What Happens When All Financial Privacy Is Gone?
Very soon, within a few years, it’s going to be extremely difficult, if not outright impossible to own real assets without most governments in the world knowing about them, as well as the details behind your assets.
This includes assets that were once more resistant to this kind of thing, like crypto and foreign real estate.
Outside of the West (for the most part), there are the CRS countries (Common Reporting Standard). These are 103 countries that have all signed treaties where they will report all of your assets, including cryptocurrency in an exchange to any other CRS country you visit or live in.
Great.
And the list of CRS countries grows every year. Even my second home of Paraguay will join this organization in 2027.

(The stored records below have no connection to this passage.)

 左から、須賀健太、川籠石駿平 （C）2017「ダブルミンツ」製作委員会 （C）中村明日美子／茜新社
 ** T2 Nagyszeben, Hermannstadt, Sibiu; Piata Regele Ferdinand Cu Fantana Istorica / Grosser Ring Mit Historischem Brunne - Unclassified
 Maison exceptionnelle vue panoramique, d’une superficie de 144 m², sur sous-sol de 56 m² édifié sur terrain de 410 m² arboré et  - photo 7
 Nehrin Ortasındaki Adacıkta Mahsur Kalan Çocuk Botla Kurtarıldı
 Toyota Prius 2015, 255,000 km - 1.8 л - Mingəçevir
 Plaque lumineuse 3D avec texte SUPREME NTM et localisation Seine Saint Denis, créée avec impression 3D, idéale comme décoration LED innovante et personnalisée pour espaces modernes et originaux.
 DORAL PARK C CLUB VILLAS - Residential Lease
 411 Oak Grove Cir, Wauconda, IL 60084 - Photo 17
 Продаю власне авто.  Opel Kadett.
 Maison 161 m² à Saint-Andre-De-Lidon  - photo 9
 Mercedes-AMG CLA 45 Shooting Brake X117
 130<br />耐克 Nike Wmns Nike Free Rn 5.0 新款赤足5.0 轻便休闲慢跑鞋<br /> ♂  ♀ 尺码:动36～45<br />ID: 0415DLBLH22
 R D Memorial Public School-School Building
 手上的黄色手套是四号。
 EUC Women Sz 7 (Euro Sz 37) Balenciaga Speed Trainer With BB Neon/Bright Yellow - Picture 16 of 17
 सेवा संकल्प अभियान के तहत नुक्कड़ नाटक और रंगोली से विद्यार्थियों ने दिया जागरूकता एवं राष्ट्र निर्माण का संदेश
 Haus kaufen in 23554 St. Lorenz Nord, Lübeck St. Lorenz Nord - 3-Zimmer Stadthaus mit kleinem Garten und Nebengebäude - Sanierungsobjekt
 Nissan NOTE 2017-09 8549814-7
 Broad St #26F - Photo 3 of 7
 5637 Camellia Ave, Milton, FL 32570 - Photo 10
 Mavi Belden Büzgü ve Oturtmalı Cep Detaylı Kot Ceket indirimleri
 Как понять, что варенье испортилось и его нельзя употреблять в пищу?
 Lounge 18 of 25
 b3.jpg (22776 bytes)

Then you have the Collapsing West, which is behind the OECD (Organisation for Economic Co-operation and Development), an organization made up of 38 countries, including all of the bigger Western nations plus a few Asian and South American ones.
This wonderful (meaning authoritarian and globalist) group of countries has now implemented structures where if you own property (like real estate) in any of these countries, it will be reported to all of the other ones.
They will even mandate that you have to report yourself as the owner of these assets even if they are held in a private trust.
Great.
If you are an independent, sovereign thinker (and there are very few of us left in the world), you’re probably thinking something like, “No problem, I’ll just own assets that aren’t in any of these countries.”
That is, of course, the correct way to think, and good for you.
The problem is that the CRS, OECD, and other globalist organizations put together blacklists of countries that refuse to go along with this authoritarian bullshit to bully these independent nations into submission. These countries then risk suffering economically if they don’t play ball.
Case in point: my primary home in Dubai, UAE.
Why does the UAE now have a (small) corporate tax when before it had zero taxes?
There are several reasons but the biggest reason is the OECD.
Neither of my home countries (the UAE and Paraguay) is an OECD member, which is exactly the way I like it.
However, a few years ago, the OECD, comprising most of the largest economies in the world, put the UAE on a sort of blacklist which made it difficult for UAE banks to do business internationally and to work with international clients.
This was a problem for the UAE whose sole goal is to be the number one economic hub of the entire world. (It’s a goal they are already close to achieving and may achieve in our lifetimes.)
These high-tax collapsing Western nations didn’t like the zero-tax prosperity of the UAE stealing their thunder, so their message to the UAE was, “Okay asshole, we’re going to blacklist you until you implement some kind of income tax like we have.”
And sadly, the UAE was forced to comply, implementing a 9% corporate tax when before it had zero.
To be fair, 9% is still the lowest nonzero corporate tax rate in the world, and people like me would be more than happy to pay tax rates like that rather than pay Western corporate tax rates of 20-40%, but it’s still a little higher than zero.
So then the OECD said, “Good boy,” and removed the UAE from the blacklist, declaring it an OECD “partner.”
Shit like this is going to continue to happen over time.
Are there still legal ways to hide your assets from foreign and domestic governments?
Yes.
Will there continue to be ways to do this in the future?
If you’re location independent and live a five flags international lifestyle, yes (otherwise no, just stay in the Collapsing USA and people like Hillary Clinton will know everything you own everywhere in the world).
I’m just saying that as time goes by, this will be more difficult and complicated to do. And it will be essentially impossible if you live the rest of your life in the Collapsing West or even in a non-Western lapdog OECD state like Japan or Turkey.
Make more money, gain more assets, and internationalize as soon as you can. Otherwise you’re just asking for trouble.